## Activity
Nothing but the lines below from the one that contains "Welcome back to my channel Brown" through the one that contains "They had $12.8" should be retyped, exactly and including both ends. Do not include pictures.

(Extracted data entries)

Segment Open

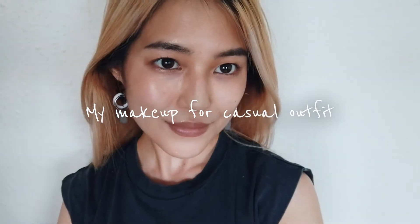Hey guys, welcome back to my channel. It's spring here everybody, so I'm gonna show my daily makeup for a casual outfit.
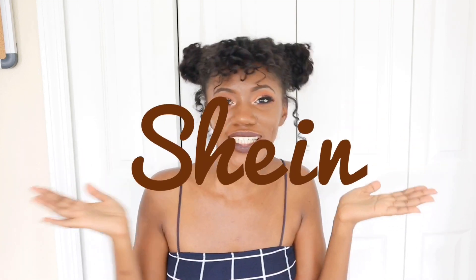Welcome back to my channel Brown Sugar Cocoa. Today I'm going to be trying on some clothes from none other than Shein.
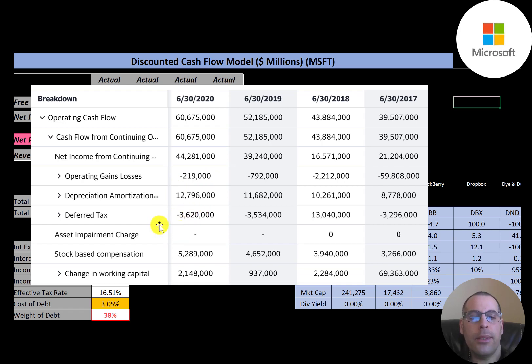They had $12.8 billion of depreciation, a positive $3.6 billion of deferred taxes which we subtract, and $5.3 billion in stock-based compensation which we add back as a non-cash item. So they generated nearly $61 billion dollars of operating cash flow in 2020, and they have increased their operating cash flow each year.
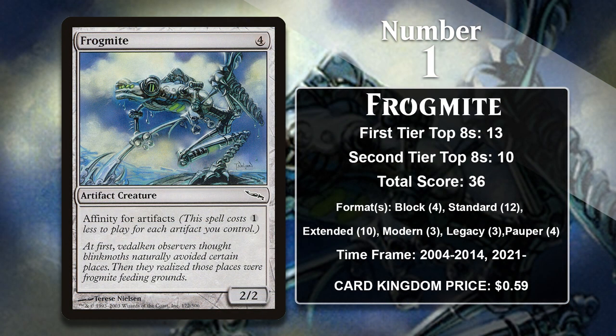At number 1 — probably not surprising anybody — it's Frogmite. This artifact frog features one of the game's most powerful mechanics: affinity for artifacts. It was played in decks that could play a ton of artifacts on turn zero, including artifact lands, so Frogmite was a zero-mana 2/2 that you could play on turn one way too often. It's gained points in Affinity decks in Block, Standard, Extended, Modern, Legacy, and Pauper. It's still actively gaining points in Pauper, so it's very likely to continue increasing its score going forward. It will be interesting to see if any new frogs, like Grolnok, can surpass Frogmite in the future.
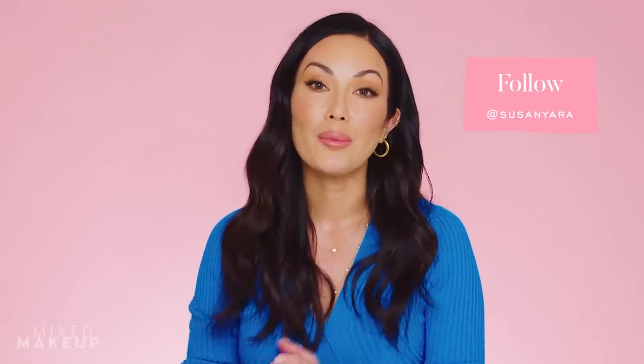Go give her a follow at the EcoWell. Follow me — I'm at Susan Yara on Instagram. Talk to you soon, bye.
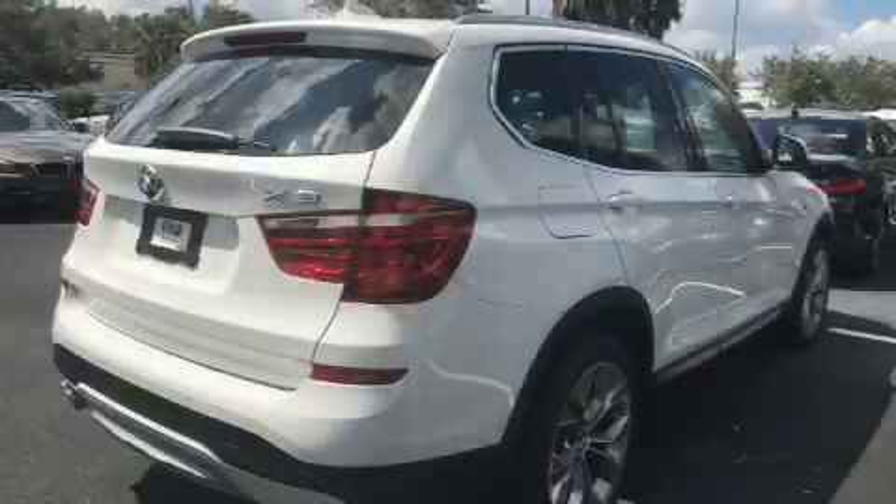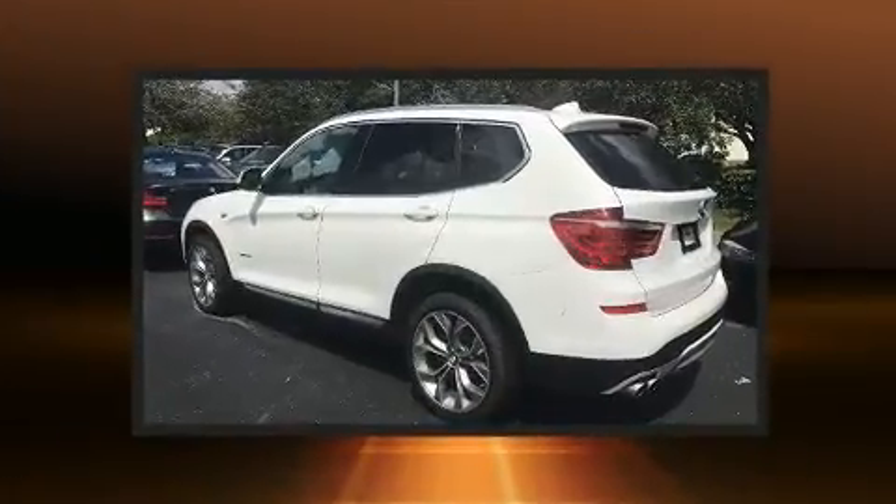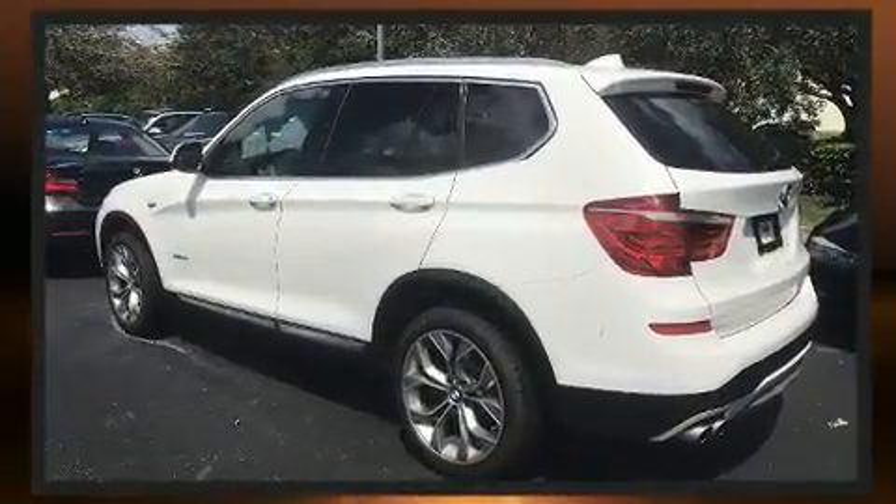You can expect a lot from the 2017 BMW X3. With less than 10,000 miles on the odometer, this model delivers an exhilarating ride without compromising ultimate luxury.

Segment Closed

## Reply
Welcome back to my channel Brown Sugar Cocoa. Today I'm going to be trying on some clothes from none other than Shein.
They had $12.8 billion of depreciation, a positive $3.6 billion of deferred taxes which we subtract, and $5.3 billion in stock-based compensation which we add back as a non-cash item. So they generated nearly $61 billion dollars of operating cash flow in 2020, and they have increased their operating cash flow each year.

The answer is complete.